[Web page caption snippets]
################

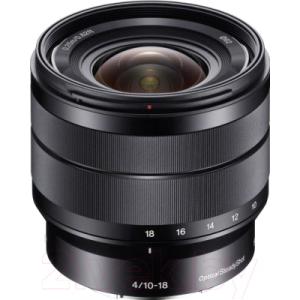Широкоугольный объектив Sony SEL1018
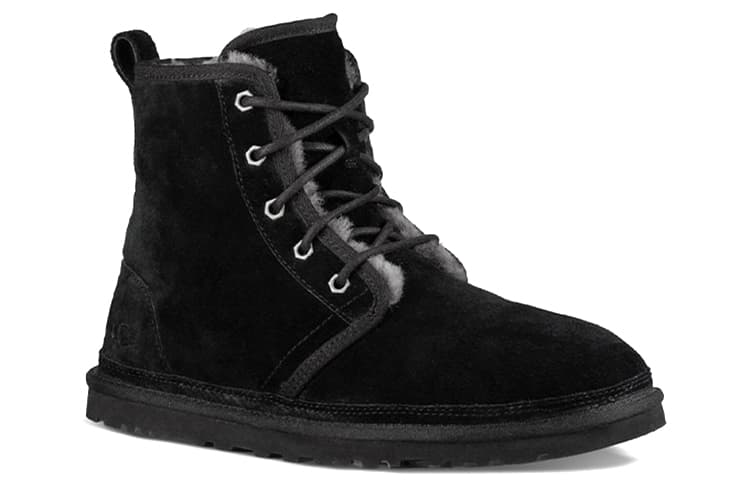 Ботинки зимние UGG Harkley - изображение 3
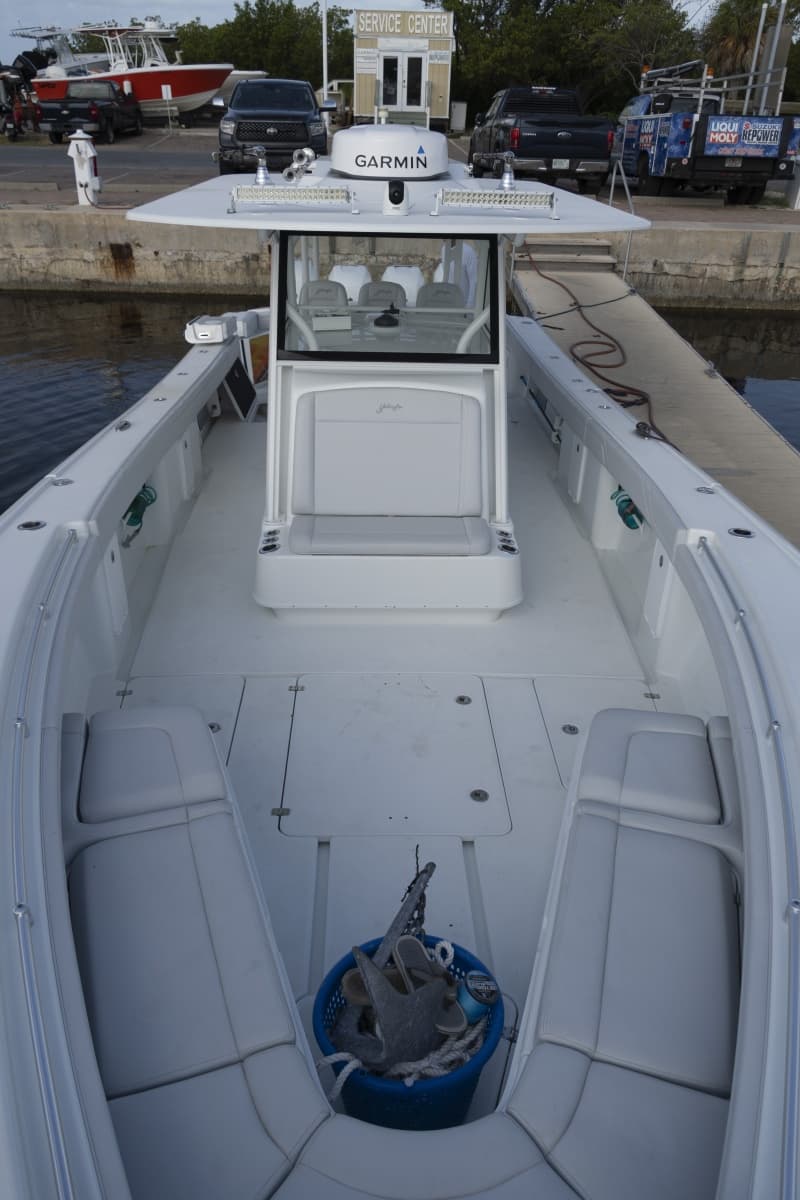 2018 Yellowfin  - Photo 39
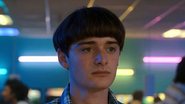 Ator Noah Schnapp, de Stranger Things, assumiu ser gay - Reprodução/Netflix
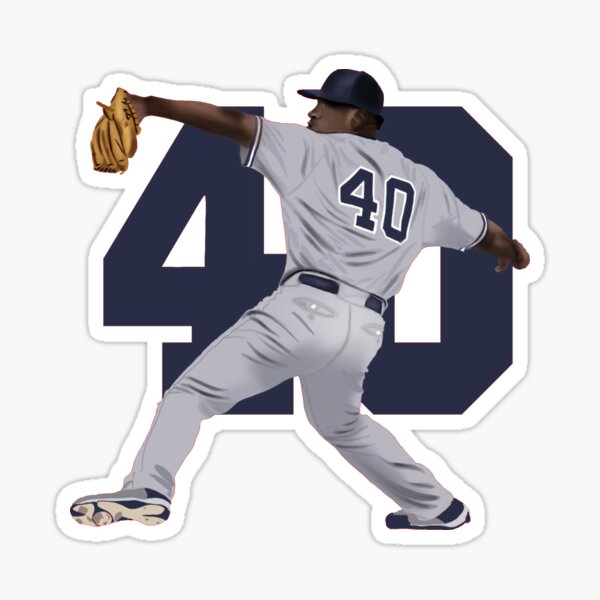 Luis Severino Merch Stretch Shirt Essential T-Shirt for Sale by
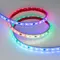 Минифото #5 товара Светодиодная лента герметичная DMX-PFS-B60-12mm 12V RGB-PX3 (14 W/m, IP68, 5060, 5m) (Arlight, -)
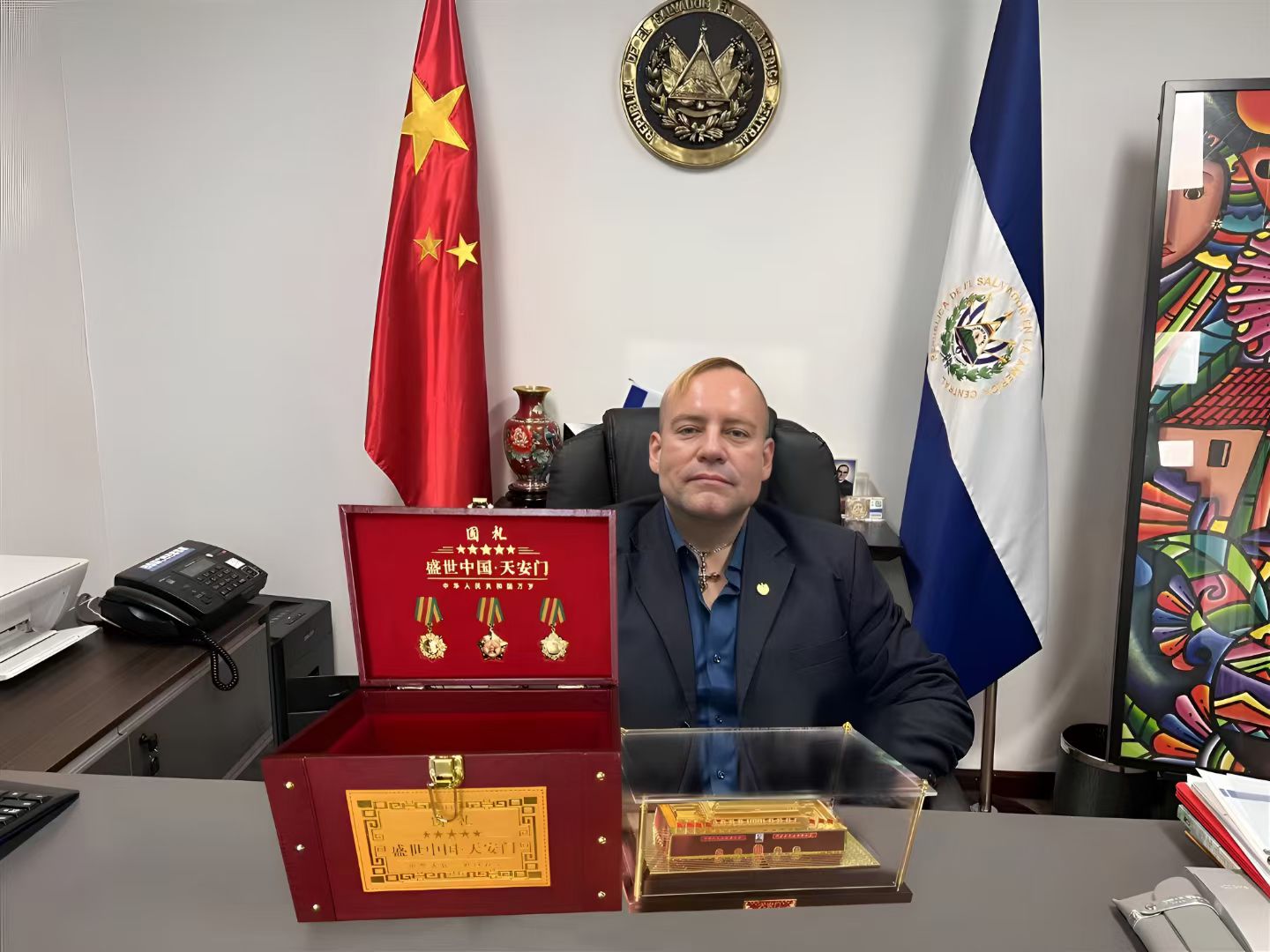 活动照片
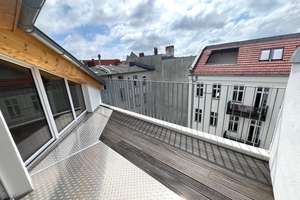 Spektakuläres Penthouse im Bayerischen Viertel – Grunewaldstraße 59, 10825 Schöneberg, Berlin – Vorschaubild 5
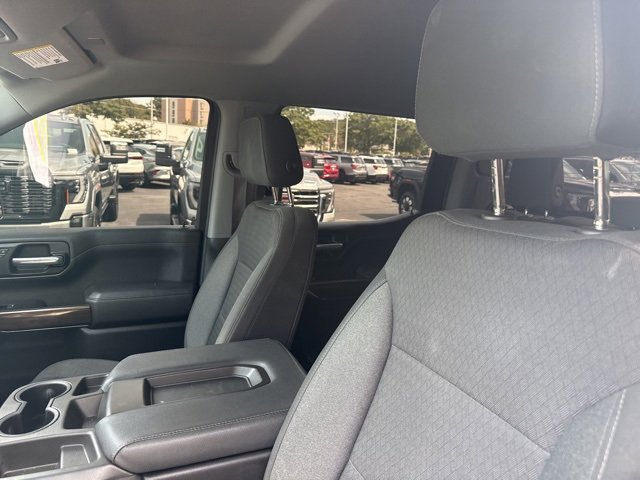 Used 2022 Chevrolet Silverado 1500 RST w/ Z71 Off-Road Package image 13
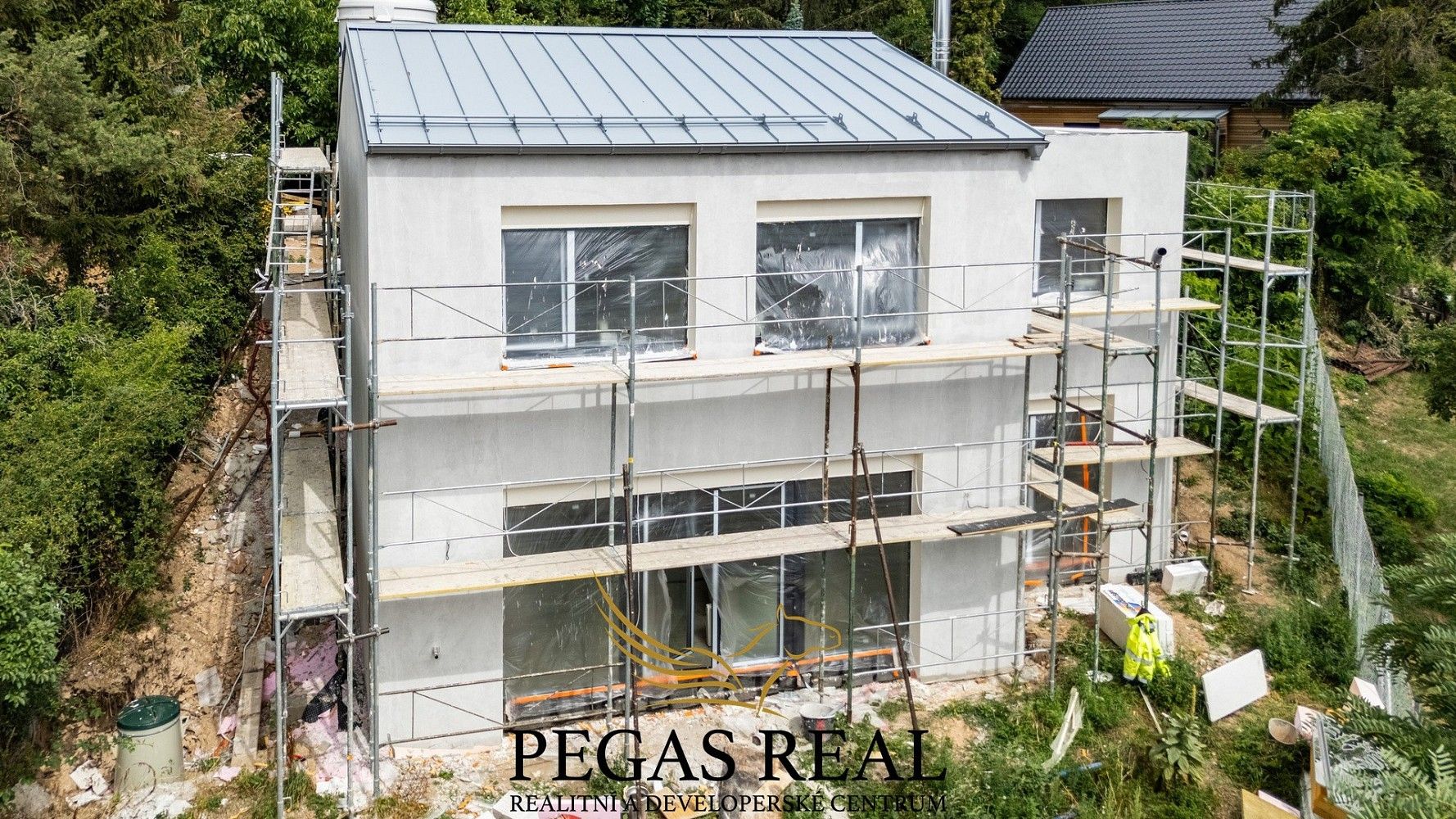 Rodinný dům · 129 m² · Jinačovice, okres Brno-venkov - 4
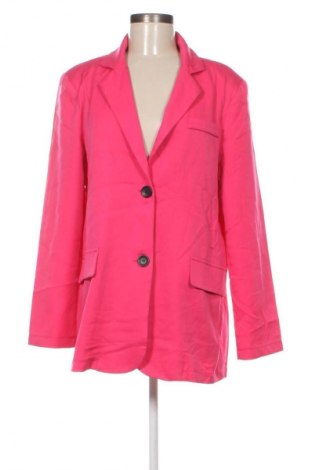 Damen Blazer SHEIN, Größe M, Farbe Rosa, Preis 33,99 €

################

**REQUIRED ACTION:**
Pictures do not belong in your copy; restate word for word the lines from the one containing "Spektakuläres Penthouse im" through the last line of the records above.

**TASK ANSWER:**
 Spektakuläres Penthouse im Bayerischen Viertel – Grunewaldstraße 59, 10825 Schöneberg, Berlin – Vorschaubild 5
 Used 2022 Chevrolet Silverado 1500 RST w/ Z71 Off-Road Package image 13
 Rodinný dům · 129 m² · Jinačovice, okres Brno-venkov - 4
 Damen Blazer SHEIN, Größe M, Farbe Rosa, Preis 33,99 €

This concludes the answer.